▶ _REQUIRED WORK_: With no line omitted, restate the records below exactly as they appear.

□ □ □ □ □

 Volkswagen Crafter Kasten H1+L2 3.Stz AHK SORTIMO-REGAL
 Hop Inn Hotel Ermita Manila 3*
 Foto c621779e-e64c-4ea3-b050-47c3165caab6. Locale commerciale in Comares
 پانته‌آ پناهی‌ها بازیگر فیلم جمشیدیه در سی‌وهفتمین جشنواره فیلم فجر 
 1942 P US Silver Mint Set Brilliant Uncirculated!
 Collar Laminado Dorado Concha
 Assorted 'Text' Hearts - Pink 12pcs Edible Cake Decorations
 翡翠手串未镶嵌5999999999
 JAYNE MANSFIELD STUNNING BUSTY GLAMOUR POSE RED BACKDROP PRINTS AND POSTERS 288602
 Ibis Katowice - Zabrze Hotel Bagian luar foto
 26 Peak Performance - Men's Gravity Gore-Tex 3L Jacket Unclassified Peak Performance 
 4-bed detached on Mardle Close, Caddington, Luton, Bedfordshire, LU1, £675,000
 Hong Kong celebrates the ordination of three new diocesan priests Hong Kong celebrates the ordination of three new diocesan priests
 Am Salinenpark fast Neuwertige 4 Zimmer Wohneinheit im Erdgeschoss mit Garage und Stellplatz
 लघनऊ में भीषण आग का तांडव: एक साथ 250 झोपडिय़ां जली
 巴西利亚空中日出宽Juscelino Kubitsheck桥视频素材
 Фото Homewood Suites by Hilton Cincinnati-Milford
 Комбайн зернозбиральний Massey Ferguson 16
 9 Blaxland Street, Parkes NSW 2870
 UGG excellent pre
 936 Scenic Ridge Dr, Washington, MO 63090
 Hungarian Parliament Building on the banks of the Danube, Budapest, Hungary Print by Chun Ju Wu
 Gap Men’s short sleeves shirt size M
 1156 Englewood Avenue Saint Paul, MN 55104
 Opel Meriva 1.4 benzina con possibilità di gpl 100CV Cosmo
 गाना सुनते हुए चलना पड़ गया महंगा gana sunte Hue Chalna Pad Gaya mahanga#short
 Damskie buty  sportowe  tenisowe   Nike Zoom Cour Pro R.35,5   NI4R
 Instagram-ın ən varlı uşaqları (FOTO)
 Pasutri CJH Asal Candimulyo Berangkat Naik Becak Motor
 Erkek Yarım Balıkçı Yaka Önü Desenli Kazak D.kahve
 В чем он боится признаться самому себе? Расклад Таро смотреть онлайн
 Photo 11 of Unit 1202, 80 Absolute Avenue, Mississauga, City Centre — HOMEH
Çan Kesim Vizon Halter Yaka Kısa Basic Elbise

□ □ □ □ □

▶ _TASK SOLUTION_:
 Volkswagen Crafter Kasten H1+L2 3.Stz AHK SORTIMO-REGAL
 Hop Inn Hotel Ermita Manila 3*
 Foto c621779e-e64c-4ea3-b050-47c3165caab6. Locale commerciale in Comares
 پانته‌آ پناهی‌ها بازیگر فیلم جمشیدیه در سی‌وهفتمین جشنواره فیلم فجر 
 1942 P US Silver Mint Set Brilliant Uncirculated!
 Collar Laminado Dorado Concha
 Assorted 'Text' Hearts - Pink 12pcs Edible Cake Decorations
 翡翠手串未镶嵌5999999999
 JAYNE MANSFIELD STUNNING BUSTY GLAMOUR POSE RED BACKDROP PRINTS AND POSTERS 288602
 Ibis Katowice - Zabrze Hotel Bagian luar foto
 26 Peak Performance - Men's Gravity Gore-Tex 3L Jacket Unclassified Peak Performance 
 4-bed detached on Mardle Close, Caddington, Luton, Bedfordshire, LU1, £675,000
 Hong Kong celebrates the ordination of three new diocesan priests Hong Kong celebrates the ordination of three new diocesan priests
 Am Salinenpark fast Neuwertige 4 Zimmer Wohneinheit im Erdgeschoss mit Garage und Stellplatz
 लघनऊ में भीषण आग का तांडव: एक साथ 250 झोपडिय़ां जली
 巴西利亚空中日出宽Juscelino Kubitsheck桥视频素材
 Фото Homewood Suites by Hilton Cincinnati-Milford
 Комбайн зернозбиральний Massey Ferguson 16
 9 Blaxland Street, Parkes NSW 2870
 UGG excellent pre
 936 Scenic Ridge Dr, Washington, MO 63090
 Hungarian Parliament Building on the banks of the Danube, Budapest, Hungary Print by Chun Ju Wu
 Gap Men’s short sleeves shirt size M
 1156 Englewood Avenue Saint Paul, MN 55104
 Opel Meriva 1.4 benzina con possibilità di gpl 100CV Cosmo
 गाना सुनते हुए चलना पड़ गया महंगा gana sunte Hue Chalna Pad Gaya mahanga#short
 Damskie buty  sportowe  tenisowe   Nike Zoom Cour Pro R.35,5   NI4R
 Instagram-ın ən varlı uşaqları (FOTO)
 Pasutri CJH Asal Candimulyo Berangkat Naik Becak Motor
 Erkek Yarım Balıkçı Yaka Önü Desenli Kazak D.kahve
 В чем он боится признаться самому себе? Расклад Таро смотреть онлайн
 Photo 11 of Unit 1202, 80 Absolute Avenue, Mississauga, City Centre — HOMEH
Çan Kesim Vizon Halter Yaka Kısa Basic Elbise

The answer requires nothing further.